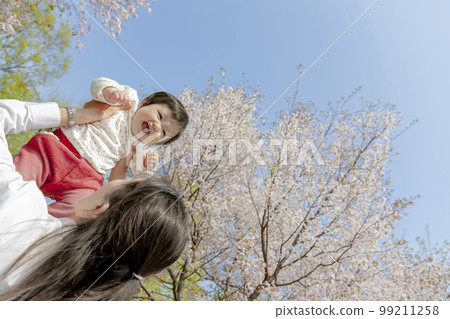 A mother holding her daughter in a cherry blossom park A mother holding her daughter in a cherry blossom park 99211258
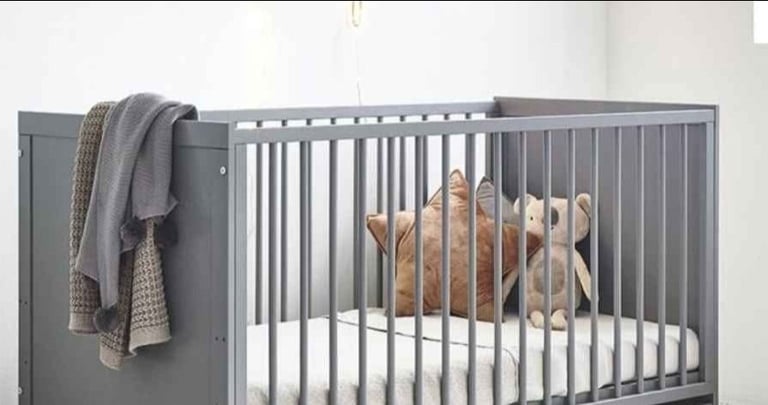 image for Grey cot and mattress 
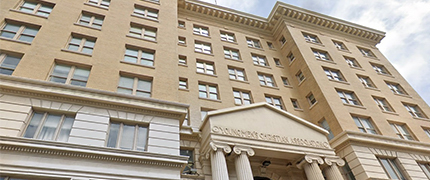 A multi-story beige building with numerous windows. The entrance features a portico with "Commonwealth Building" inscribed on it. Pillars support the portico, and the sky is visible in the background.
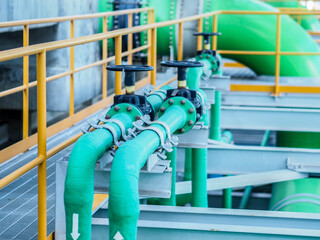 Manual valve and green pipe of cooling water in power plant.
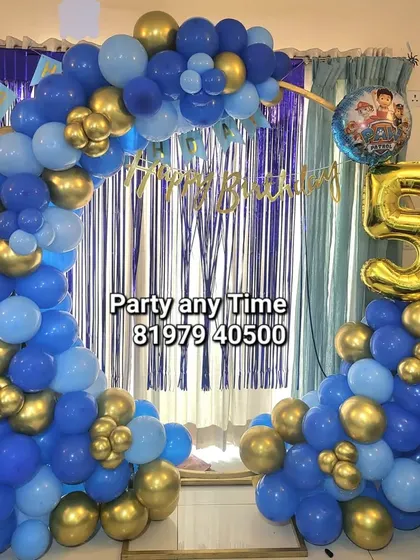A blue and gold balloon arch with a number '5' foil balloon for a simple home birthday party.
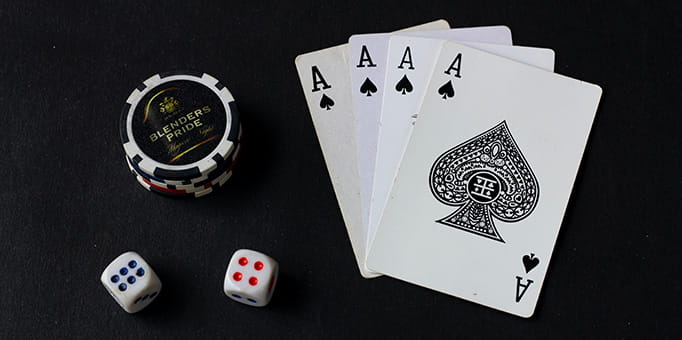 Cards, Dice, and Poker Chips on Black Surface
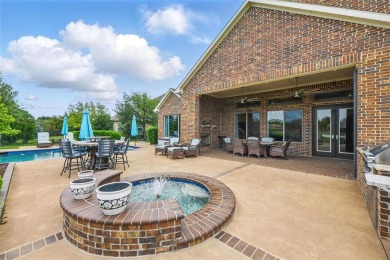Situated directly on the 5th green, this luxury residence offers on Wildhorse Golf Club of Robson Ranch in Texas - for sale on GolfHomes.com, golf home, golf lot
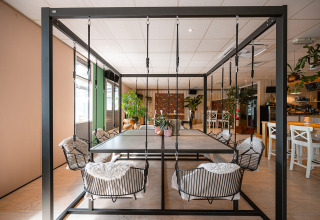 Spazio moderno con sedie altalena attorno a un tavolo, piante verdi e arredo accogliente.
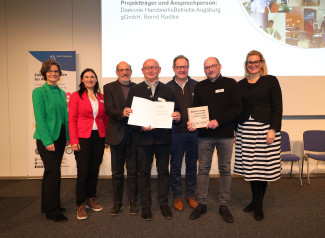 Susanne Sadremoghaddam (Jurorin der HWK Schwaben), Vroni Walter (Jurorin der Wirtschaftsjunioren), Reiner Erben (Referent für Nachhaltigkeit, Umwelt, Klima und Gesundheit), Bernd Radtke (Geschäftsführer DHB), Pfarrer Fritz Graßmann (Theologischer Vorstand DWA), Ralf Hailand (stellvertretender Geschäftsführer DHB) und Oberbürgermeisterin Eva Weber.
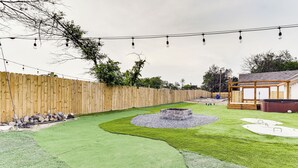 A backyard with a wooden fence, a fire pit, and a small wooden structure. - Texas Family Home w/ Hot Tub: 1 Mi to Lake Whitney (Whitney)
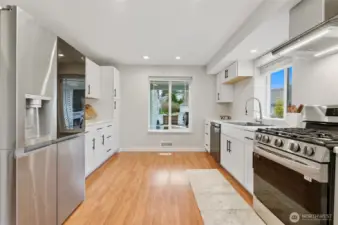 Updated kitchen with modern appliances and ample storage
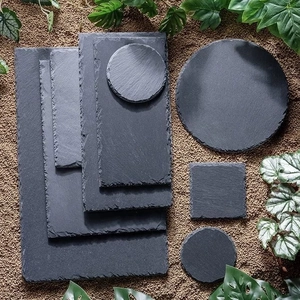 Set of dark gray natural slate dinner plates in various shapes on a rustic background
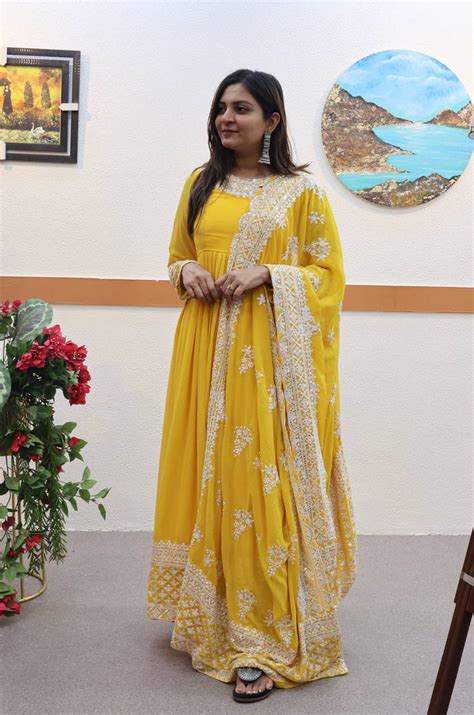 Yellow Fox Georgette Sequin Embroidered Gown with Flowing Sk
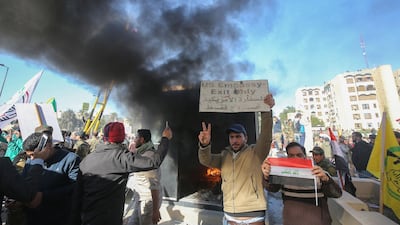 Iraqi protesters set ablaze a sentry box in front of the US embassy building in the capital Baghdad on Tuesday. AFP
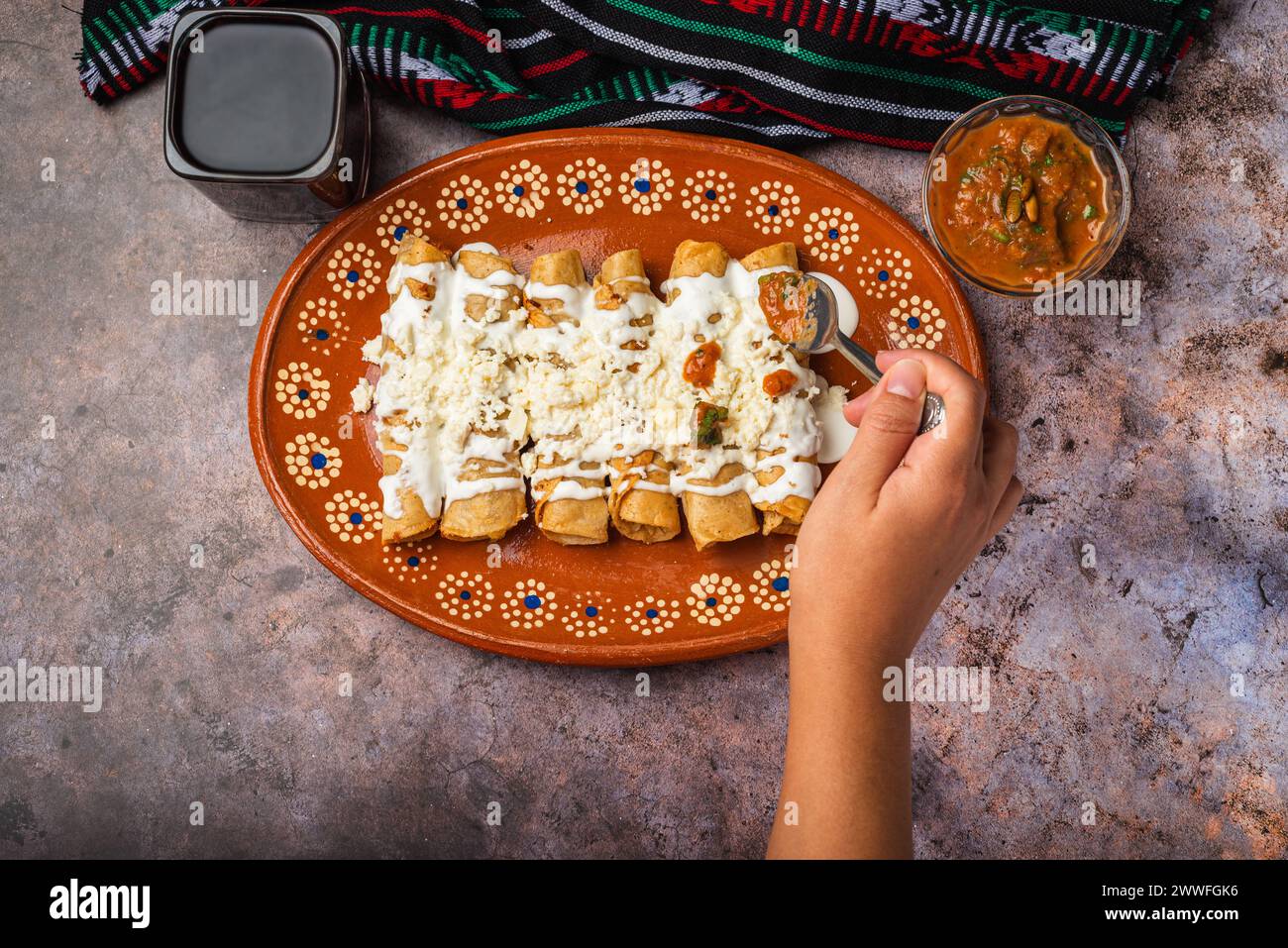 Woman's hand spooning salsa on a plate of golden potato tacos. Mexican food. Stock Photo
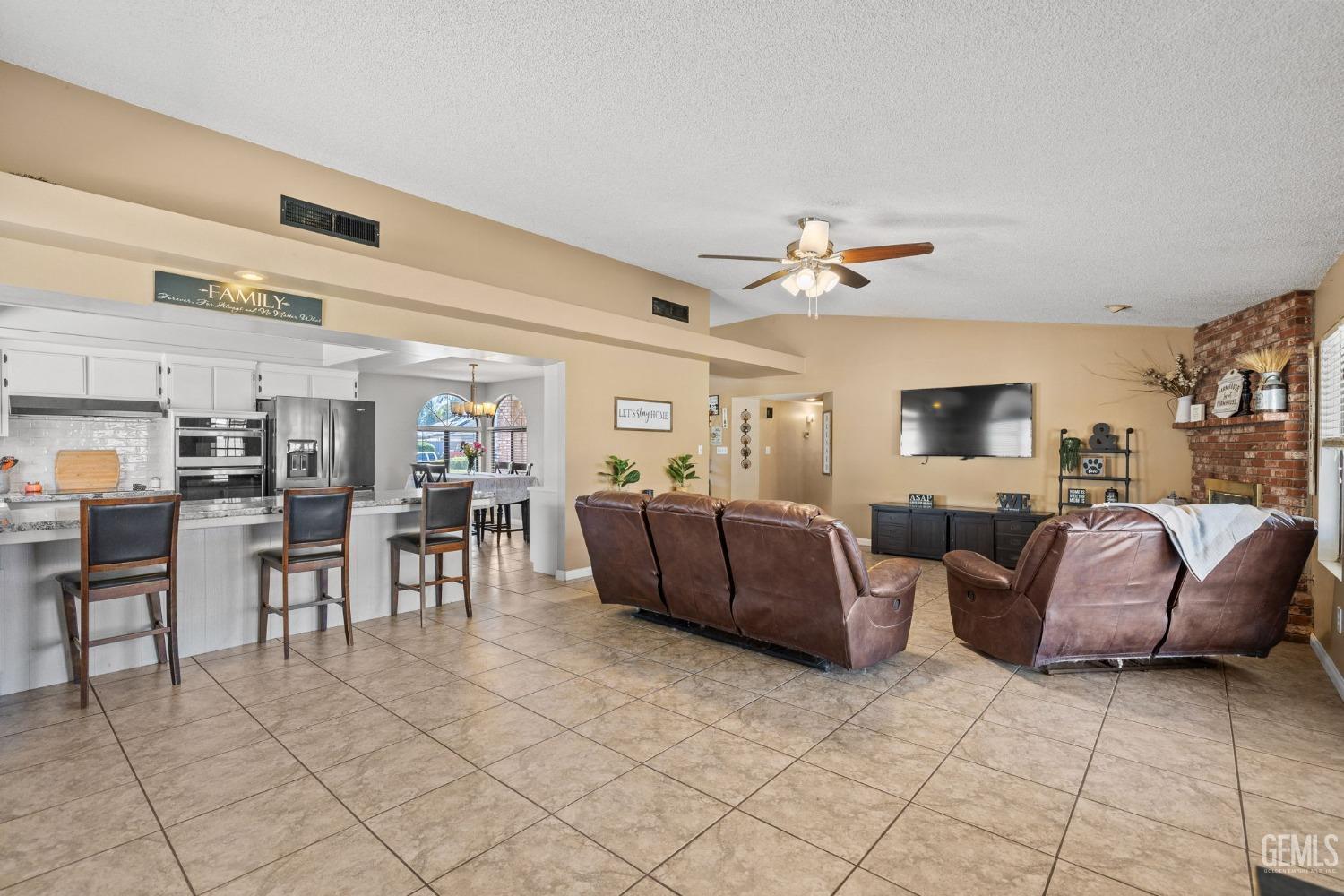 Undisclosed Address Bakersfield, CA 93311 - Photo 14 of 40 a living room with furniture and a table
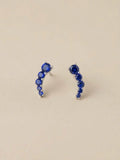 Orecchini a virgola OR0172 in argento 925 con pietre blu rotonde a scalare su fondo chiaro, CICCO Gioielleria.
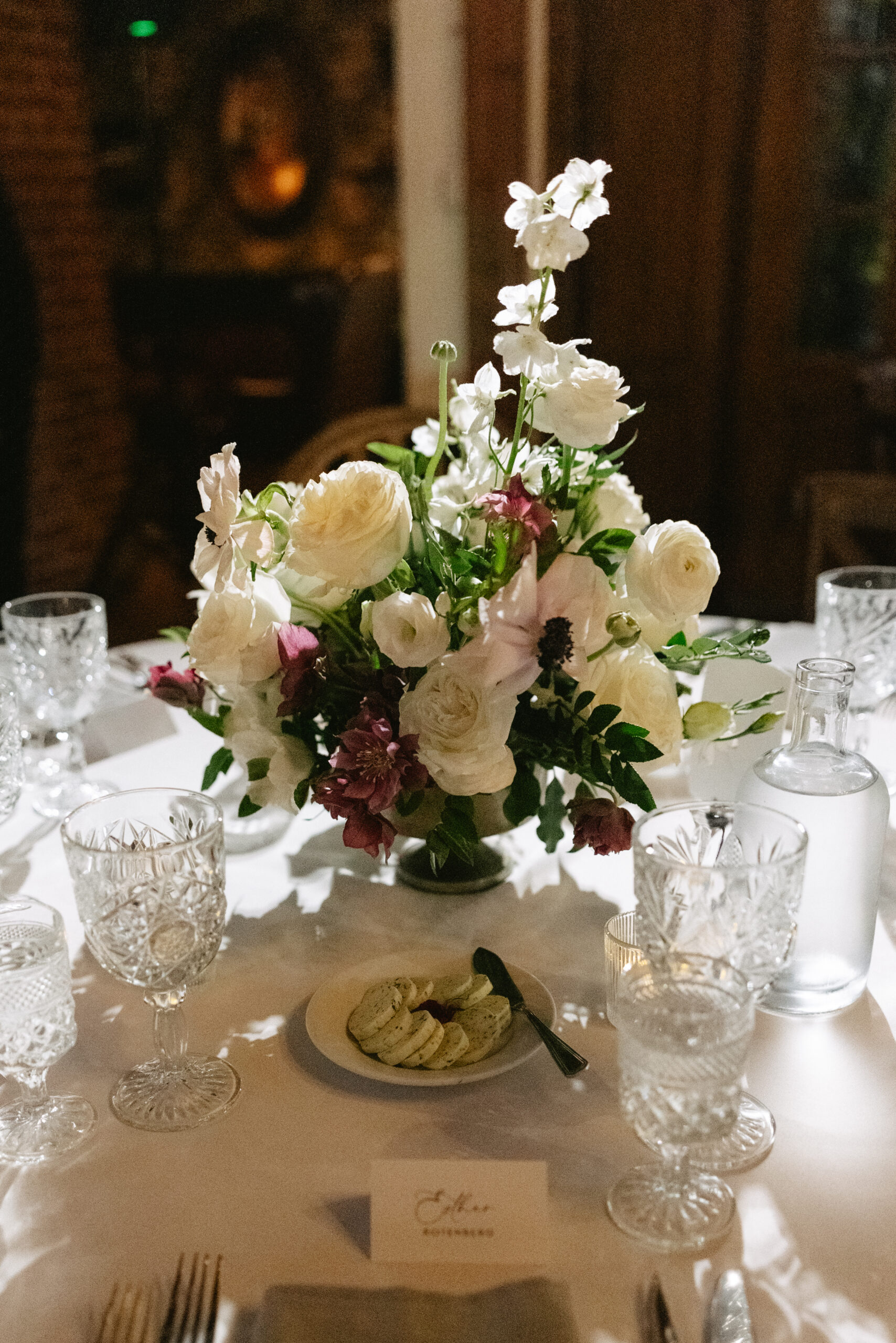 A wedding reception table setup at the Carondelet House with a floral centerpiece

────

Give exactly the lines above that run from the line with "Situated directly on" to the line with "Spazio moderno con", both included, leaving every picture out.

Situated directly on the 5th green, this luxury residence offers on Wildhorse Golf Club of Robson Ranch in Texas - for sale on GolfHomes.com, golf home, golf lot
 Spazio moderno con sedie altalena attorno a un tavolo, piante verdi e arredo accogliente.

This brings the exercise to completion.